For five generations Cluny Chapman’s family has had textiles in the blood. Her home in Seaton Ross, near Pocklington, is testimony to that: a sewing box that belonged to her great, great-grandmother stands in the sitting room; one of her most treasured possessions is a collection of more than 100 exquisite drawings by her great-grandfather of party outfits he designed in the 1920s for his dress business near London’s Hanover Square and two spinning wheels – one inherited from an aunt – take pride of place by the fire. Look further and you will find photographs of Cluny and her late mother sitting side by side in the sunshine, spinning yarn.
“I grew up surrounded by textiles,” says Cluny. “I was always encouraged to try things. My mother learnt a whole range of crafts as an occupational therapy nurse and was always embroidering and making patchwork, so never a day went by without something being made. These were skills passed down through the generations. One of my earliest memories is picking paper squares off a patchwork quilt Mum had made when I was about two years old.”
So when Cluny moved north from Buckinghamshire, where she was born, to Bradford to study archaeological science at university, it seemed inevitable that, sooner or later, her innate passion for crafts would emerge and have a significant influence on her life. Ten years on, Cluny has not only swapped a science career for one entrenched in art, but she has also become one of only a handful of people in the county to make a living from textiles created, step-by-step, from the wool of her own 70-strong flock of rare breed sheep. Not only does she spin the wool from their fleeces, but she also uses the yarn to make baby clothes, knitted cushions, throws and textile art works which she sells at craft and country fairs throughout Yorkshire.
“There is definitely a return to the ethos of making things ourselves,” says Cluny. “It’s not just about saving money. People enjoy the creative process of making something unique.”

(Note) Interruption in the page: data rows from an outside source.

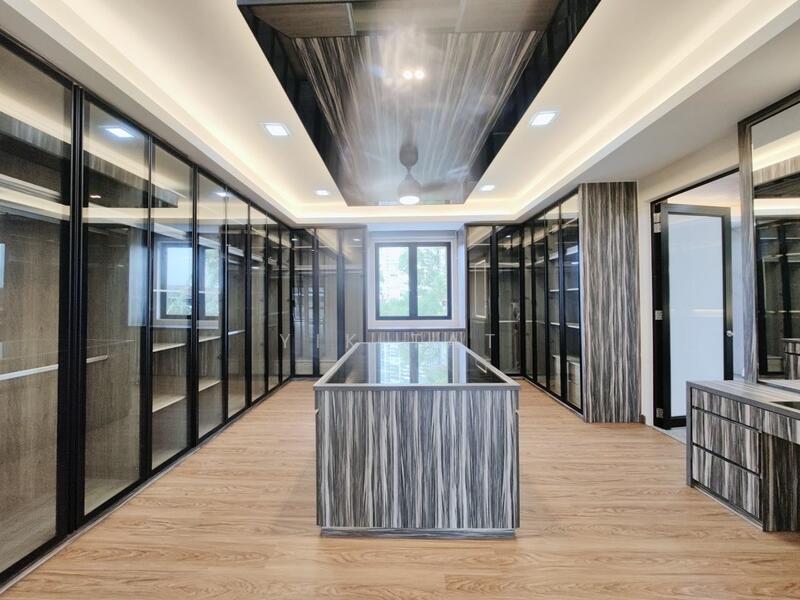 Walk-in closet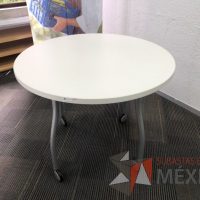 Lote 007 - Mesa redonda con 4 patas metálicas con ruedas y cubierta color blanco - Imagen 3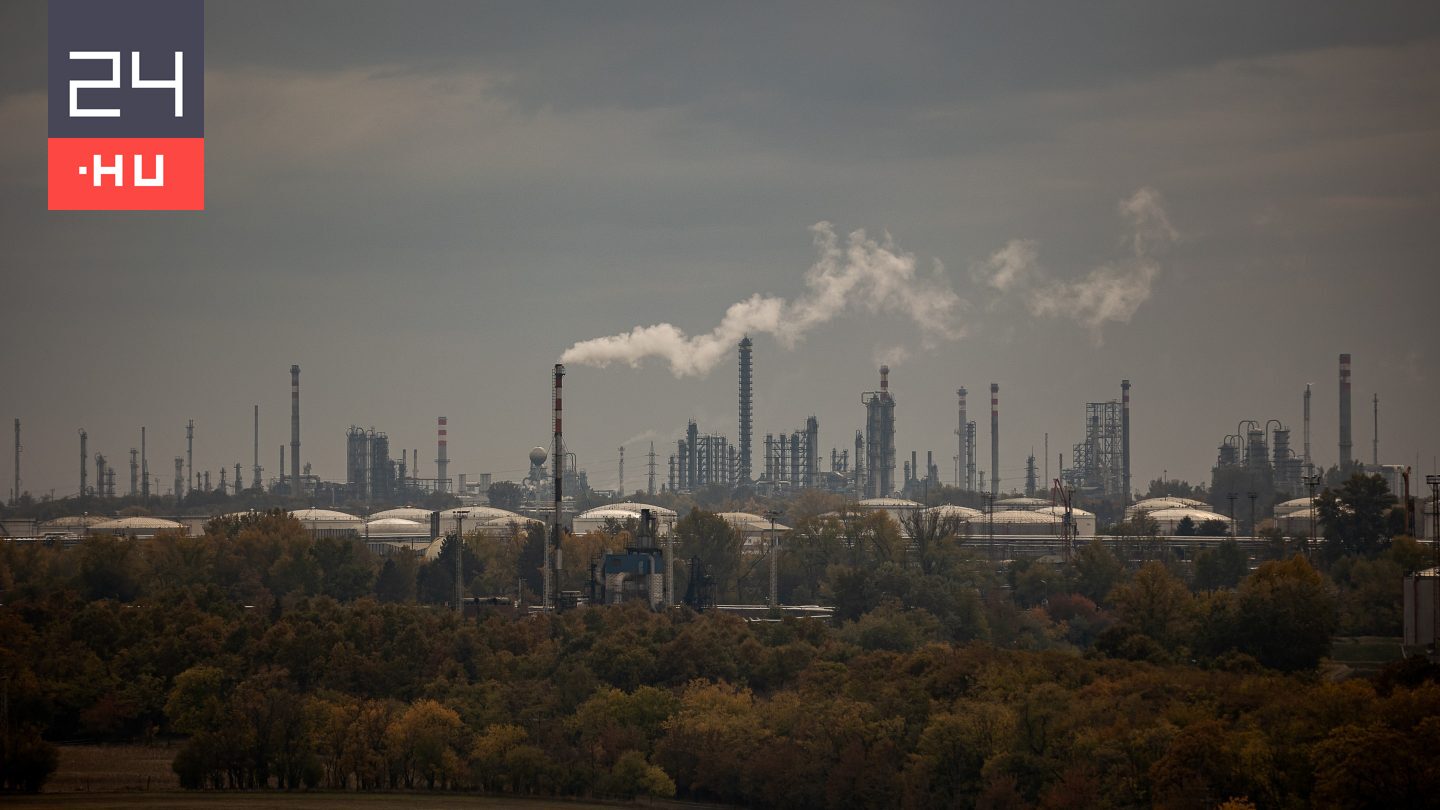 G7: Nem kizárt az ezerforintos benzinár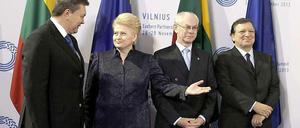 Der ukrainische Präsident Viktor Janukowitsch, die litauische Staatschefin Dalia Grybauskaite, EU-Ratspräsident Herman van Rompuy und EU-Kommissionschef José Manuel Barroso beim EU-Gipfel in Vilnius.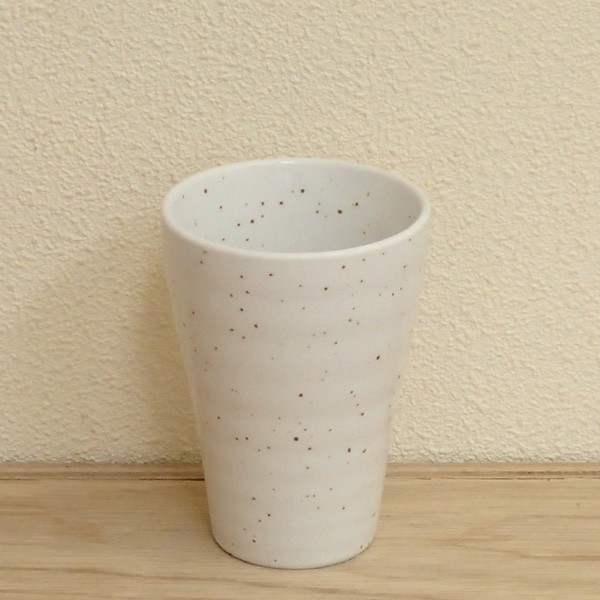 唐津焼　白と黒の陶器カップ2個セット 楽天市場】唐津焼（マグカップ・ティーカップ｜コーヒー・お茶
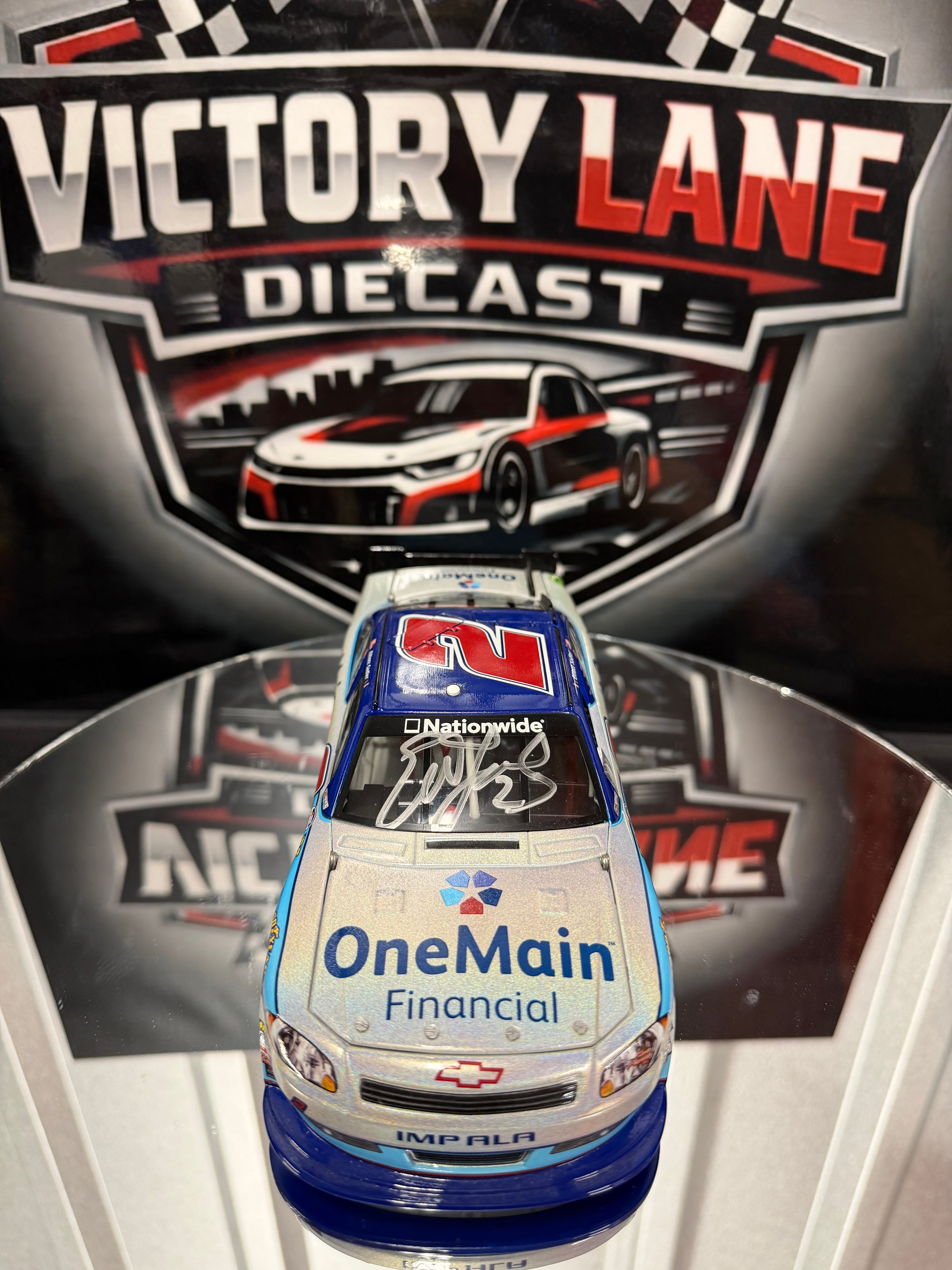 Elliott Sadler 2011 One Main Financial Impala Flashcoat Color 1:24 Diecast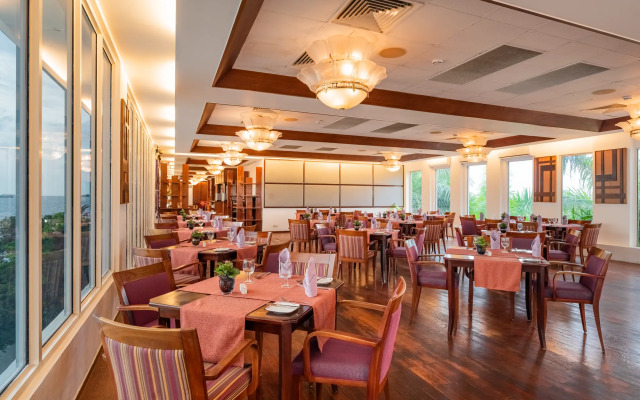 Hulhule Island Hotel
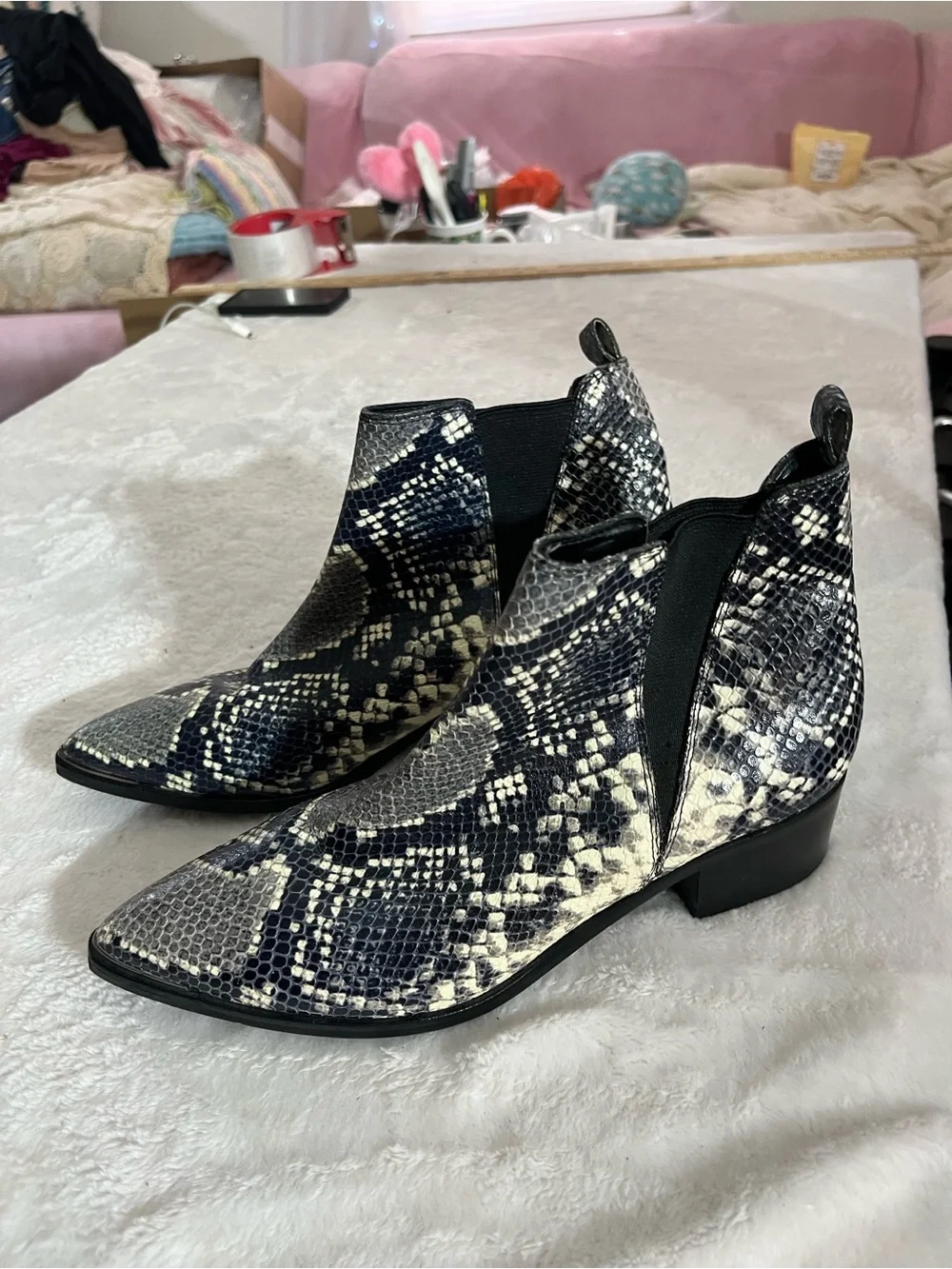 Marc Fisher Leather Snakeskin Yale 4 Chelsea Ankle Boots 7 Low Heel Slip On EUC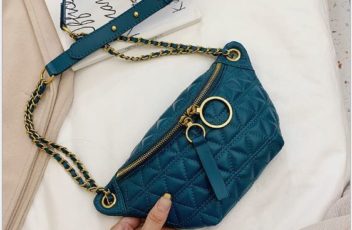 JT2058 IDR.155.000 MATERIAL PU SIZE L28XH14XW6CM WEIGHT 300GR COLOR GREEN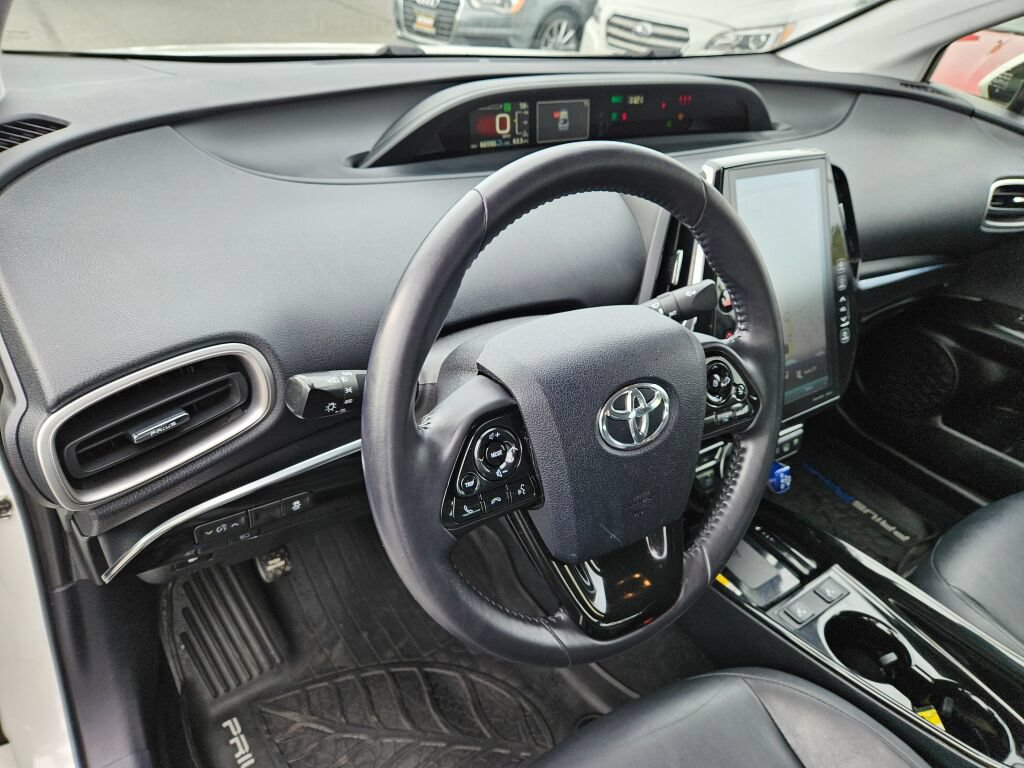 Used 2020 Toyota Prius Prime XLE FWD image 17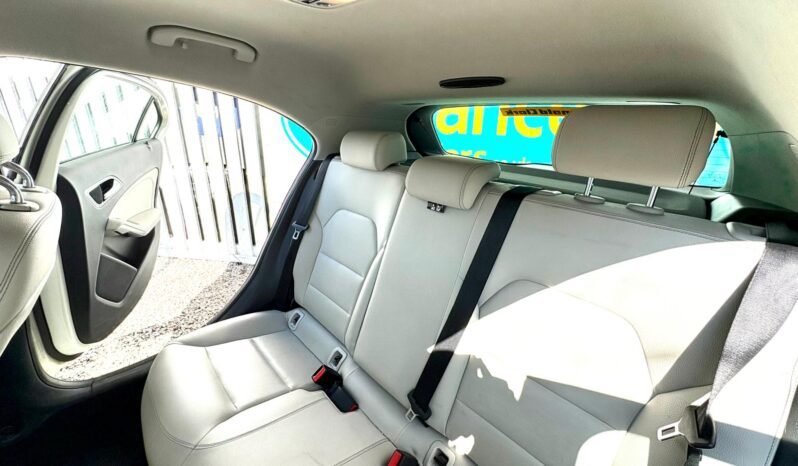 Mercedes-Benz A180 1.5 d Sport (Executive) (s/s), 2018, Manual, 5 Door Hatchback full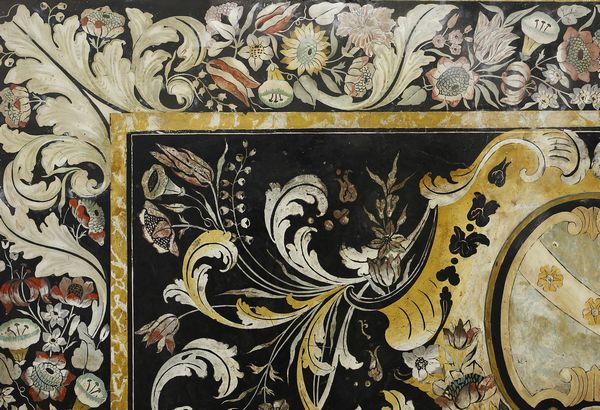 FLAMINI (XVIII SECOLO) NICOLA : Attribuito a. Grande piano in scagliola di forma rettangolare, centrato da stemma gentilizio da cui si dipartono spirali e racemi floreali su fondo nero, bordo con decorazioni vegetali e floreali  - Asta Asta 387 | ARTE ANTICA E DEL XIX SECOLO - DAL RINASCIMENTO AL SIMBOLISMO: OPERE DA COLLEZIONI ITALIANE Tradizionale - Associazione Nazionale - Case d'Asta italiane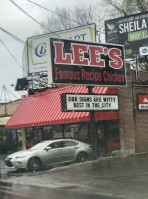 Lee's Famous Recipe Country Chicken outside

Cluny’s path to creativity was side-tracked by her work with the environmental archaeology unit in York, specialising in zoo archaeology – the study of ancient animal bones. By the time she met her husband Richard, who works in IT, and they had their first child Lucy, now eight, she had secured a post doctoral research fellowship at York University. Inspite of the academic focus, Cluny always harboured a ‘rebellious’ urge to pursue her underlying love of textile art. At home on maternity leave, she decided to buy two lambs to keep the grass down and provide fleeces for her to spin.
“I love the tactile nature of textiles and I enjoy the concept of taking something from source and through the various processes to a final product. It’s a bit like eating food that’s field-to-plate, only in this case it’s textiles,” she says. By the time her contract at York University came to an end, Cluny was expecting their son Matthew, now five, and their changing circumstances offered a golden opportunity to reinvent herself. She bought more sheep – Shetland rare breeds chosen for the beautiful colours of their wool – and began to breed them, researching and learning as she went along to make sure she was producing the finest quality wool possible. Cluny is now a member of various sheep breeder societies and regularly shows the ‘best behaved’ of the flock, often getting placed at county events, including the Great Yorkshire Show.
Before long she had too many fleeces to use herself, so she looked for a mill which was prepared to spin small quantities of rare breed yarn – and found The Natural Fibre Company in Cornwall. Storing the fleeces sheared for her by a neighbouring farmer in a shed, Cluny gradually began to turn them into a saleable commodity – taking the wool to craft fairs and selling it through specialist outlets.
As word spreads about Cluny’s wool she is increasingly offered assorted rare breed fleeces which provide her with a wide range of natural, neutral colours that work perfectly with today’s interior colour schemes. The soft grey throws Cluny now designs and has made by weavers through her business, Highfield Textiles, sell for £100 each and her limited edition wool cushions, with locally made ceramic button detailing, cost £30. She is currently designing chunky knitted cushions too, which emphasise the extraordinary colour ranges of her rare breed sheep.
As if looking after the flock, producing wool and making home accessories isn’t enough, Cluny is equally busy creating textile art and is a member of the York based Diverse Threads group which exhibits throughout Yorkshire in a bid to promote a branch of art that, she believes, is under-valued.
“People will buy paintings but they are not quite so sure about textile art because they tend to associate textiles with clothes and soft furnishings. I think the three dimensional and tactile aspects of textile art make it really unusual and special,” says Cluny, who also gives talks about her work – including the care of rare breed sheep and talks about her family history in textiles. Now it looks as though the tradition will continue into the sixth generation.
Both Matthew and Lucy are members of the York branch of Young Embroiderers and their fascination for sheep rearing, spinning and stitching echoes Cluny’s own childhood surrounded by women who kept these rural traditions alive.
“At one time there was real concern that these kind of skills would die out,”says Cluny. “But I’m happy to say they are thriving again.”